Finken M J J, Keijzer-Veen M G, Dekker F W, Frölich M, Hille E T M, Romijn J A, Wit J M
Department of Pediatrics, Leiden University Medical Center, P.O. Box 9600, 2300, RC Leiden, The Netherlands.
Diabetologia. 2006 Mar;49(3):478-85. doi: 10.1007/s00125-005-0118-y. Epub 2006 Feb 1.
AIMS/HYPOTHESIS: An increased risk of type 2 diabetes mellitus is associated with low birthweight after full-term gestation, including amplification of this risk by weight gain during infancy and adult body composition. Premature birth is also associated with insulin resistance, but studies conducted so far have not provided follow-up into adulthood. We studied the effects of (1) lower birthweight (as standard deviation score [SDS]) and infancy weight gain on insulin resistance in 19-year-olds born before 32 weeks of gestation, and (2) the interaction between lower birthweight SDS and infancy weight gain, as well as between lower birthweight and adult body composition, on insulin resistance.
This was a prospective follow-up study in 346 subjects from the Project on Preterm and Small-for-gestational-age infants cohort, in whom fasting glucose, insulin and C-peptide levels were measured at 19 years. Insulin resistance was calculated with homeostatic modelling (homeostatic model assessment for insulin resistance index [HOMA-IR]).
Birthweight SDS was unrelated to the outcomes. Rapid infancy weight gain until 3 months post-term was weakly associated with higher insulin level (p=0.05). Adult fatness was positively associated with insulin and C-peptide levels and HOMA-IR (all p<0.001). On these parameters, there was a statistical interaction between birthweight SDS and adult fat mass (p=0.002 to 0.03).
CONCLUSIONS/INTERPRETATION: In subjects born very preterm, rapid infancy weight gain until 3 months predicted higher insulin levels at 19 years, but the association was weak.
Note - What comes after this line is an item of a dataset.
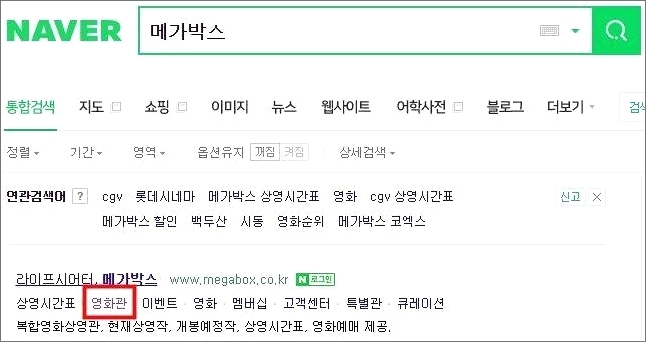 제천 메가박스 상영시간표 실시간보기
Adult obesity strongly predicted higher insulin and C-peptide levels as well as HOMA-IR. The effect of adult fat mass on these parameters was dependent on its interaction with birthweight SDS.
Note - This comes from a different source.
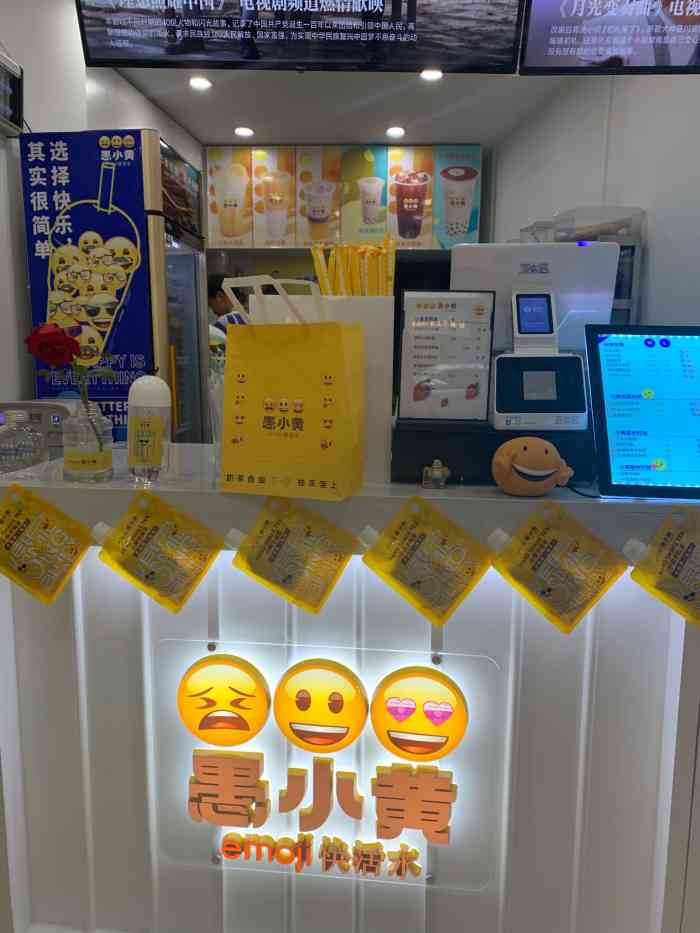 "-大众点评移动版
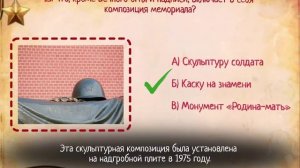 Викторина День Неизвестного солдата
目的/假设:足月妊娠后低出生体重与2型糖尿病风险增加相关,包括婴儿期体重增加和成年人体成分对这种风险的放大作用。早产也与胰岛素抵抗有关,但迄今为止的研究尚未对成年期进行随访。我们研究了以下因素的影响:(1)出生体重较低(以标准差评分[SDS]表示)和婴儿期体重增加对妊娠32周前出生的19岁人群胰岛素抵抗的影响;(2)出生体重较低的SDS与婴儿期体重增加之间的相互作用,以及出生体重较低与成年人体成分之间的相互作用对胰岛素抵抗的影响。
这是一项对来自早产和小于胎龄儿队列研究项目的346名受试者进行的前瞻性随访研究,在他们19岁时测量空腹血糖、胰岛素和C肽水平。采用稳态模型计算胰岛素抵抗(胰岛素抵抗指数的稳态模型评估[HOMA-IR])。
出生体重SDS与研究结果无关。直到足月后3个月婴儿期体重快速增加与较高的胰岛素水平弱相关(p=0.05)。成年肥胖与胰岛素、C肽水平和HOMA-IR呈正相关(所有p<0.001)。在这些参数上,出生体重SDS与成年脂肪量之间存在统计学相互作用(p=0.002至0.03)。
结论/解读:在极早产出生的受试者中,直到3个月时婴儿期体重快速增加预示着19岁时胰岛素水平较高,但这种关联较弱。成年肥胖强烈预示着较高的胰岛素和C肽水平以及HOMA-IR。成年脂肪量对这些参数的影响取决于其与出生体重SDS的相互作用。